Hi Tom. Thanks for the advice. Right now I'm running my CPU at a little bit higher voltage, plus I did some more tinkering the last few days. I checked my CPU & GPUs tonight around midnight and this is what I have so far.

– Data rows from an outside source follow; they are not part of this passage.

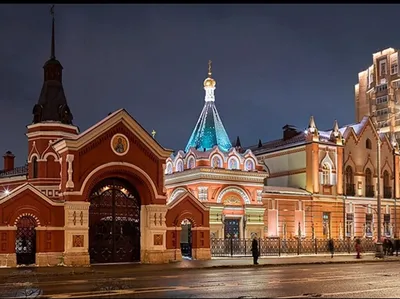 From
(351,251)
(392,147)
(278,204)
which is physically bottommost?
(351,251)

AMD 3950x and (2)RTX 2070 Super GPUs on HWiNFO64:
CPU @:
Max = 4.217 GHz at 1.337v
Ave = 4.195 GHz at 1.320v
CPU Temp:
Max = 63°C
Ave = 54°C
CPU Pkg Power:
Max = 94 W
Ave = 90 W
RTX 2070 Super GPU #0:
Temp Max = 63°C
Temp Ave = 57°C
Pwr Max = 98 W
Pwr Ave = 55 W
GPU Core Load: Max = 34%
GPU Mem Controller Load: Max = 26%
Mem Usage: Max = 40%
RTX 2070 Super GPU #1:
Temp Max = 57°C
Temp Ave = 50°C
Pwr Max = 144 W
Pwr Ave = 75 W
GPU Core Load: Max = 40%
GPU Mem Controller Load: Max = 30%
Mem Usage: Max = 40%
And here is my Event Log from BOINC Manager:
5/8/2020 12:03:17 AM | | Starting BOINC client version 7.16.5 for windows_x86_64
5/8/2020 12:03:17 AM | | log flags: file_xfer, sched_ops, task, sched_op_debug
5/8/2020 12:03:17 AM | | Libraries: libcurl/7.47.1 OpenSSL/1.0.2s zlib/1.2.8
5/8/2020 12:03:17 AM | | Data directory: C:\ProgramData\BOINC
5/8/2020 12:03:17 AM | | Running under account George
5/8/2020 12:03:18 AM | | CUDA: NVIDIA GPU 0: GeForce RTX 2070 SUPER (driver version 431.86, CUDA version 10.1, compute capability 7.5, 4096MB, 3553MB available, 9062 GFLOPS peak)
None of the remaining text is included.